Installing ROS on a virtual machine

Using ROS from a Linux container

Installing ROS on an ARM-based board

Introduction

ROS is an open source software framework for programming robots and developing complex robotics applications. In addition, ROS is sometimes called a meta-operating system or middleware software framework because it performs many of the functions of an operating system, but it requires a host operating system, such as Linux.

Moreover, like any operating system, it provides a hardware abstraction layer to build robotics applications without worrying about the underlying hardware. The core of ROS is a message-passing middleware framework—synchronous or asynchronous—where processes and threads can communicate with and transport data between each other even when they are running from different machines. In addition, ROS software is organized as packages, offering good modularity and reusability, which can be integrated with and used for any custom robotic application with minimal changes.

The Robot Operating System (ROS) is a framework that is widely accepted and used in the robotics community, which ranges from researchers to professional developers of commercial robots. ROS was originally started in 2007 by the Stanford Artificial Intelligence Laboratory (SAIL) under the name SwitchYard, in support of the Stanford AI Robot project.

Since 2008, Willow Garage has been continuing the development, and recently ROS has been actively maintained by the Open Source Robotics Foundation (OSRF):

ROS

:

http://www.ros.org/

OSRF

:

http://www.osrfoundation.org/

Let's start with the introductory chapter of this book, where we will learn how to install ROS on various platforms.

Installing ROS on desktop systems

We assume that you have a desktop system with Ubuntu 16.04 or Ubuntu 18.04 long-term support (LTS) installed, with an Intel Corei5 processor @3.2 GHz and 8GB of RAM, or similar. Furthermore, it is necessary to have a basic knowledge and understanding of Linux and command tools. If you need to refresh your memory or learn about these tools, you can find a lot of relevant resources on the internet, or you can find books on these topics instead.
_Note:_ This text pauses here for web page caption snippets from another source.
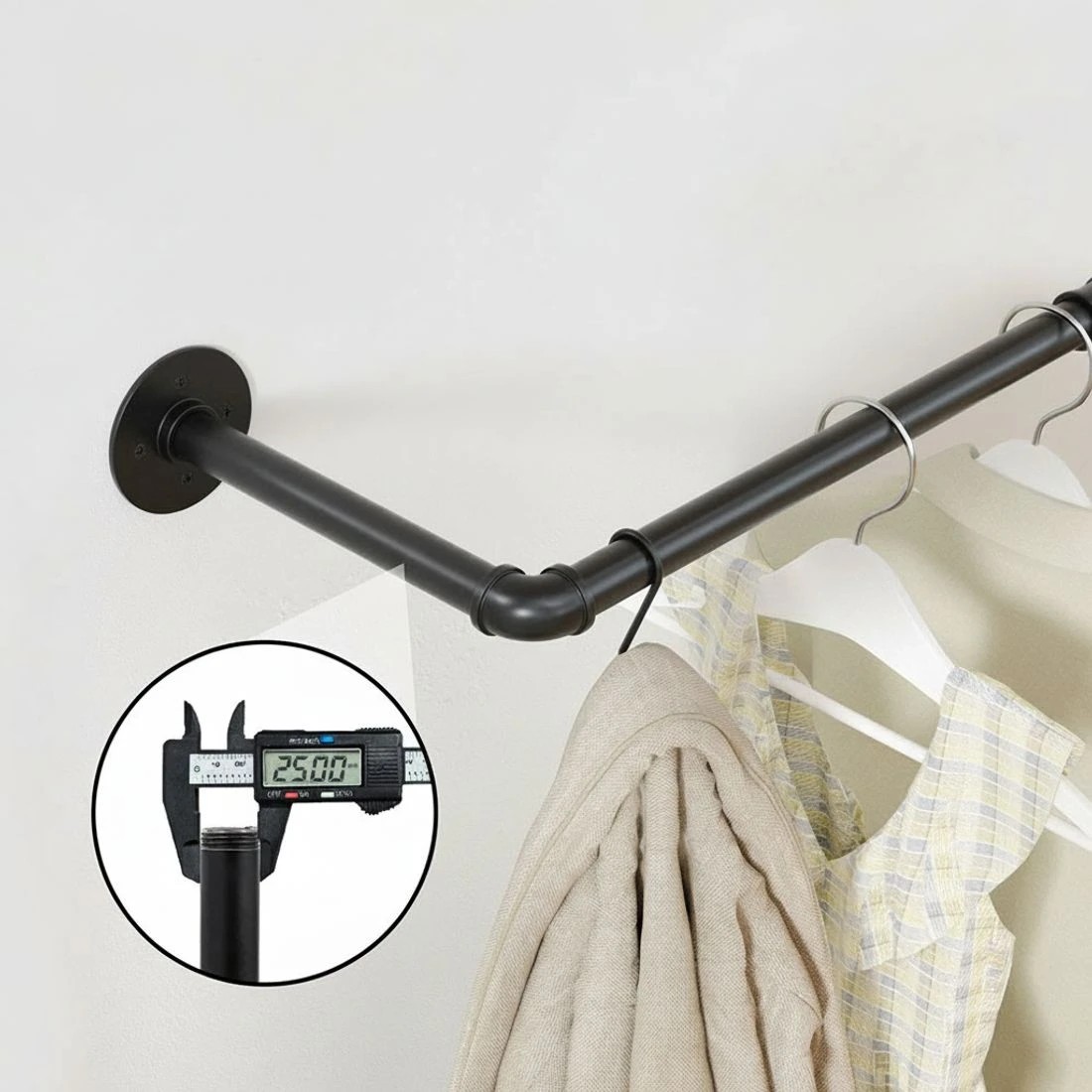 5 Artiss Clothes Rack Airer Floating Shelf Metal - Black, 5 of 6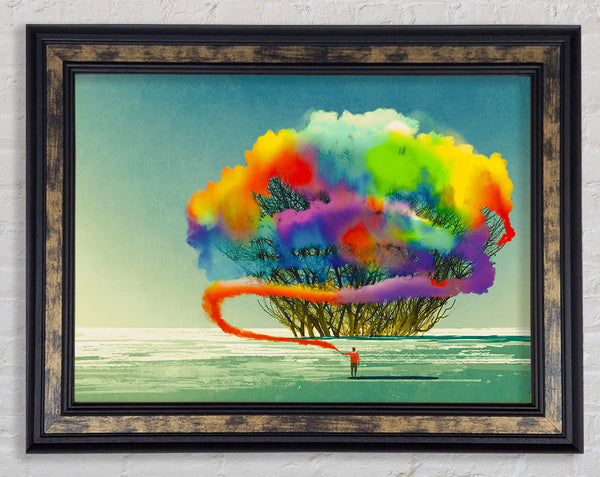 Trees Rainbow Cloud Framed Print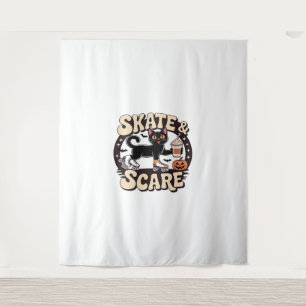 Skate & Scare – Cute Black Cat Roller Skating Over Tapestry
In this section, we will discuss the ROS distribution and the corresponding supported operating system, which will guide help us in selecting the right combination, depending upon our requirements.

ROS distribution

An ROS distribution is a versioned set of ROS packages. These are very similar to Linux distributions. The purpose of the ROS distributions is to let developers work against a relatively stable code base until they are ready to set up forward. Each distribution maintains a stable set of core packages up to the end of life (EOL) of the distribution.

The latest recommended ROS distribution is Kinectic Kame, which will get support up to May 2021, however, the latest ROS distribution is Melodic Morenia, which was released on 23rd May 2018, and will be supported up to May 2023. One of the problems with this latest ROS distribution is that most of the packages will not be available on it because it will take time to migrate them from the previous distribution, so we do not recommend this.

The list of distributions to use can be found on the ROS website (http://wiki.ros.org/distributions):

Supported operating systems

ROS is fully compatible with the Ubuntu operating system by design. Moreover, the ROS distributions are planned according to Ubuntu releases. Nevertheless, they are partially supported by Ubuntu ARM, Gentoo, macOS X, Arch Linux, and OpenEmbedded. The following table shows ROS distributions and the corresponding versions of the supported operating systems:

ROS Distribution

Supported OS

Experimental OS

Melodic Morenia

Ubuntu 18.04 (LTS); Debian9

OS X (Homebrew), Gentoo, Ubuntu ARM, and OpenEmbedded/Yocto

Kinetic Kame (LTS)

Ubuntu 16.04 (LTS) and 15.10; Debian 8

OS X (Homebrew), Gentoo, Ubuntu ARM, and OpenEmbedded/Yocto

Jade Turtle

Ubuntu 15.04, 14.10, and 14.04; Debian 8

OS X (Homebrew), Gentoo, Arch Linux, Android NDK, Ubuntu ARM, and OpenEmbedded/Yocto

Indigo Igloo (LTS)

Ubuntu 14.04 (LTS) and 13.10; Debian 7

OS X (Homebrew), Gentoo, Arch Linux, Android NDK, Ubuntu ARM, and OpenEmbedded/Yocto

As we have discussed in the previous section, there are several ROS distributions available to download and install. Therefore, we recommend you select the LTS release, which is stable and getting maximum support.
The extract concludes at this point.